The easing of worry is likely to be short-lived however as heavy fighting between rival Libyan militias at Tripoli International Airport and battles in the eastern port city of Benghazi has raised uncertainty over plans to reopen the terminals.
If they are opened then an extra 500,000 barrels of the commodity will enter the market per day.
The ‘Loonie’ is also under pressure ahead of Wednesday’s Bank of Canada interest rate decision.
The Central Bank is widely forecast to leave interest rates unchanged at 1%, the level it has remained at for the past four years.
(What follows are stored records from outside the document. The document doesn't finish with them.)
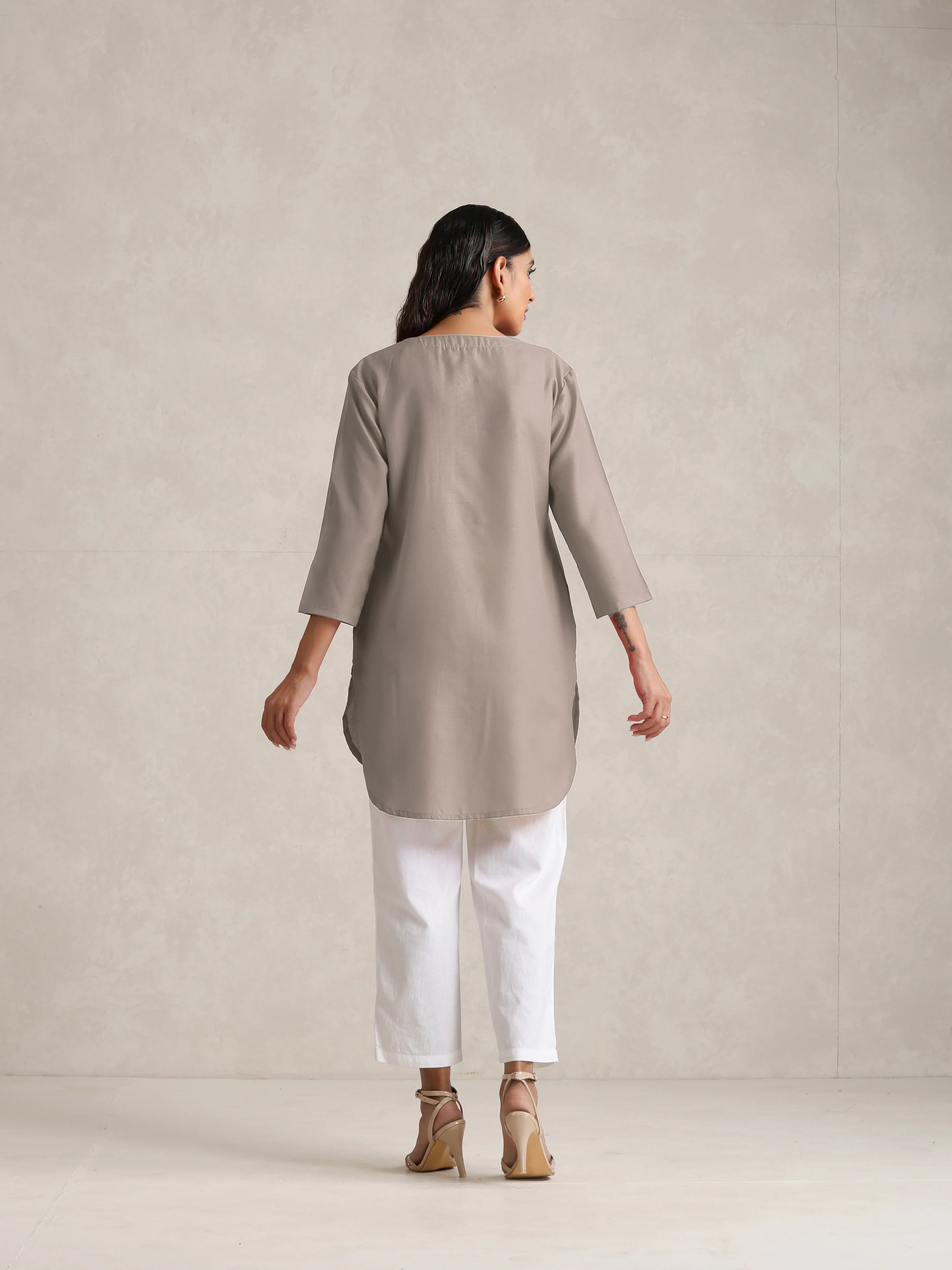 trueBrowns Light Grey Cotton Blend Short Kurta - Distacart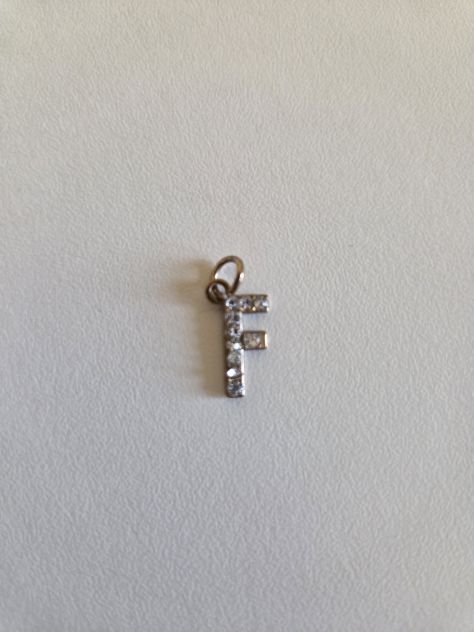 Pendente lettera “F” in metallo con brillantini bigioetteria, primi anni '80 - Foto 2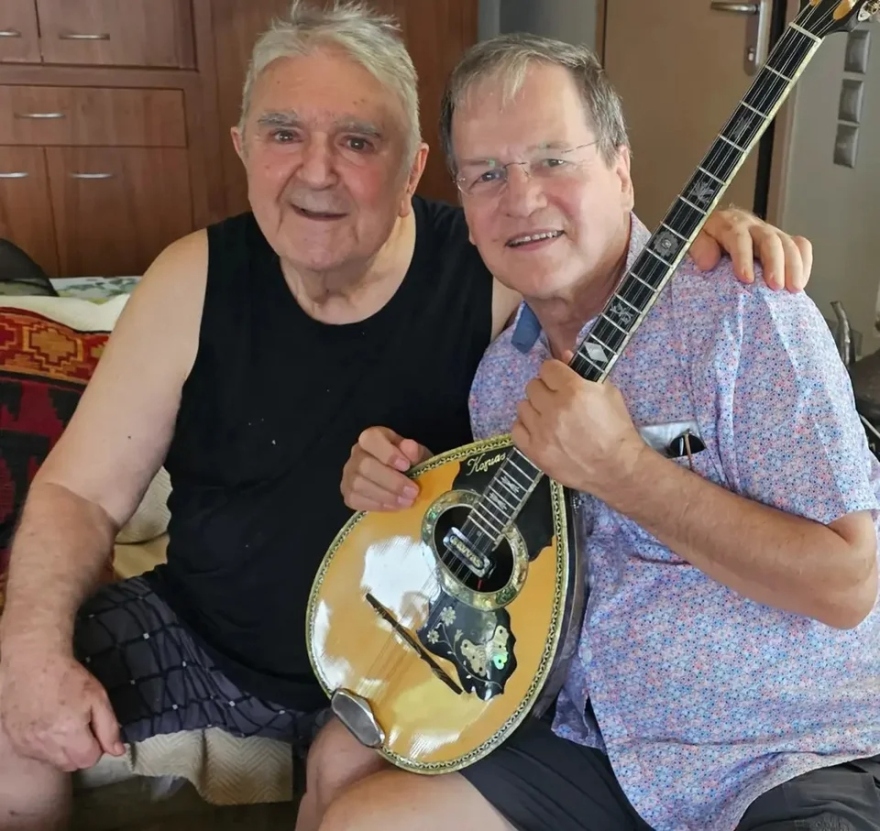 Ο Χρήστος Νικολόπουλος ανέβασε φωτογραφίες με τον Πασχάλη Τερζή και ανακοίνωσε το νέο του τραγούδι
The currency could weaken if the bank’s policy makers attempt to talk down the currency.
‘The BoC risk is that Governor Poloz strikes a cautious tone, highlighting that a strong currency risks weighing on important economic fundamentals’ said Camilla Sutton, the chief Forex strategist at Scotiabank’s global banking and markets operations.
The Australian Dollar meanwhile remains softer against the US Dollar and weaker against the British Pound after the Reserve Bank of Australia left interest rates on hold at 2.5% and as some policy makers talked down the currency.
Wednesday could see the ‘Aussie’ recover its lost ground if the latest GDP data out of China, Australia’s largest trading partner comes in strongly.
Industrial production and retail sales data are also due out of the world’s second largest economy.